Aelia crut apercevoir un sourire sur le visage de la professeure. Cela ne faisait pas deux jours qu'elle connaissait la résistance et elle faisait déjà du favoritisme avec ses membres ! Quelle honte ! Il était vrai que S avait un certain charme, mais ce sourire était peut-être exagéré...
— Et pourquoi ne pas l'avoir simplement donné à votre reine ? railla Aelia de sa voix rocailleuse.
— C'était mon intention, mais elle n'en veut pas ! Et Malefic sait comme elle est bornée, murmura ensuite Daenerys de sorte à ce que personne d'autre ne puisse l'entendre.
Pas de chance, Aelia était une ace très douée et avait affûté ses cinq sens avec le meilleur des meilleurs : Aaron Valoria. Un bruissement dans les rideaux attira soudain son regard. Elle seule l'avait perçu apparemment.
— Bomev ! jura Daenerys en s'agenouillant près d'une latte de plancher mal placée.
Il s'agissait sûrement de la cachette qu'elle avait mentionnée plus tôt. Quelqu'un les avait devancés. La seule autre personne au courant de ce pendentif était Mélody... Lorsqu'elle releva la tête, Aelia croisa le regard émeraude de S et y lut qu'elle aussi, savait. Ce devait être Mélody, derrière le rideau. Quelle piètre voleuse ! L'aveugle fit comprendre d'un signe de tête à S qu'il fallait abandonner les poursuites aujourd'hui. Elle irait voir sa petite tête de linotte le lendemain.
— La trace remonte à plus d'une heure, mentit Aelia. Le voleur est loin ! Je m'en chargerai demain.
— Mais... commença Daenerys.
— Mais quoi ? Vous ne voudriez pas que je gâche votre travail pour un pendentif qui ne vous servait de toute façon pas ! Il appartient à la résistance, désormais. Nous nous en chargerons.
Sur ces mots, Aelia partit. Daenerys ne fut pas longue à suivre, accompagnée de S. L'aveugle ne put réprimer un bâillement de fatigue. Il était temps pour elle de rentrer. Elle congédia Daenerys avec un sourire mesquin, ce qui ne plu pas vraiment à l'adulte qui lui renvoya un regard noir. S l'accompagna jusqu'à l'entrée de l'Académie.
— Comment comptes-tu t'y prendre ? demanda la commandante.
— Aucune idée, je verrai ça demain. Peut-être faudrait-il que Talia lui parle... Mélody semble l'écouter plus que nous deux réunies.
— C'est faux ! Elle respecte parfaitement les ordres que je lui écris.

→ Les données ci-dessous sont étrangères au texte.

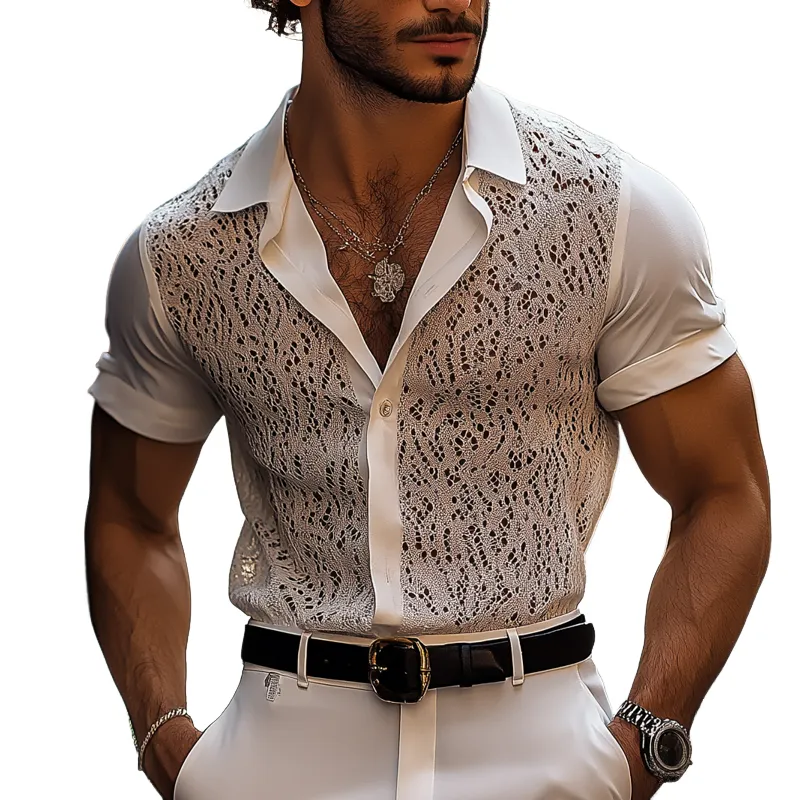 Men's Lace And Chiffon Stitching Lapel Short Sleeve Shirt MTA0473G2Z sold by Manly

— C'est pour ça qu'elle n'est pas sortie de sa cachette pour te donner le pendentif tout à l'heure !
S se stoppa net. Ses yeux écarquillés firent pouffer Aelia. Quel phénomène, ce commandant !
— Elle était là ?
— Bien sûr ! Derrière le rideau. Mais la brusquer ne sert à rien. Je lui parlerai demain et si ça ne marche pas, Talia ira la voir.
— Comme tu veux, bougonna S. Ce n'est pas tout ça, mais j'ai un rendez-vous important qui va bientôt arriver. À demain.
Aelia salua sa commandante. Elle l'observa prendre le chemin vers la tour R. Il était temps pour elle d'aller se coucher !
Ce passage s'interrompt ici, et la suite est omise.